Getting tombstones from a non-rooted production device is difficult for privacy and security reasons. The best approach is to use a crash reporting service that has an NDK component (like Firebase Crashlytics or Sentry). These services can capture the tombstone data at the time of the crash and upload it to a dashboard where it is automatically symbolicated for you, providing a much easier workflow for debugging native crashes in the wild.
What is an ANR (Application Not Responding) and is it related to a tombstone?
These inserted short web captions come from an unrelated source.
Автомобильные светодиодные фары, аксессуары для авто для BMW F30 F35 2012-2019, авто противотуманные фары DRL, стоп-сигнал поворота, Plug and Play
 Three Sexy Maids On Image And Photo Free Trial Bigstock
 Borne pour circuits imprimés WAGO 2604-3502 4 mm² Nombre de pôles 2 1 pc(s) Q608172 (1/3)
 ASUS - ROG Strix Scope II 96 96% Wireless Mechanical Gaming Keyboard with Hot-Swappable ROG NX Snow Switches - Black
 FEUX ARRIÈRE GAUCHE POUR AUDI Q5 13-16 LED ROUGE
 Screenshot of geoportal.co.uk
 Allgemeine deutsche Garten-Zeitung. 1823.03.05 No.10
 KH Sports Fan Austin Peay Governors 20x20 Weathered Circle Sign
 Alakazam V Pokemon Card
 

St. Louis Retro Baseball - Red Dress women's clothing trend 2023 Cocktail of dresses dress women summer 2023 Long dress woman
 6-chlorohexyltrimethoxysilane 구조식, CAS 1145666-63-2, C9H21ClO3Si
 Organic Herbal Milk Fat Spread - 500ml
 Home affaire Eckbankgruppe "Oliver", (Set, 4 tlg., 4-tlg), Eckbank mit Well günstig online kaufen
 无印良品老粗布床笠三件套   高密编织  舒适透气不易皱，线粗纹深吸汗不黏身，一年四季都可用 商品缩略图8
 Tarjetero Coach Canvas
An ANR is a different type of error. It occurs when the main UI thread of an application is blocked for too long (typically 5 seconds), causing the app to become unresponsive. The system generates an ANR report, which includes stack traces of all the app's threads, and saves it in `/data/anr/`. While it's also a crash report file, it's caused by unresponsiveness, not a native code crash. However, a native deadlock or an infinite loop in native code could *cause* an ANR.
What does the name "tombstone" mean?
The name is a metaphor. Just as a tombstone in a cemetery marks the final resting place of a person and provides information about them, a tombstone file in Android marks the "death" of a process and provides detailed information about its state at the time of its demise. It's a permanent record of the crash event.
Do tombstones take up a lot of space?
A single tombstone file is a plain text file, typically a few hundred kilobytes in size. The system limits the number of tombstones it keeps (e.g., the last 32) to prevent them from filling up the device's storage. They do not pose a significant storage issue for users.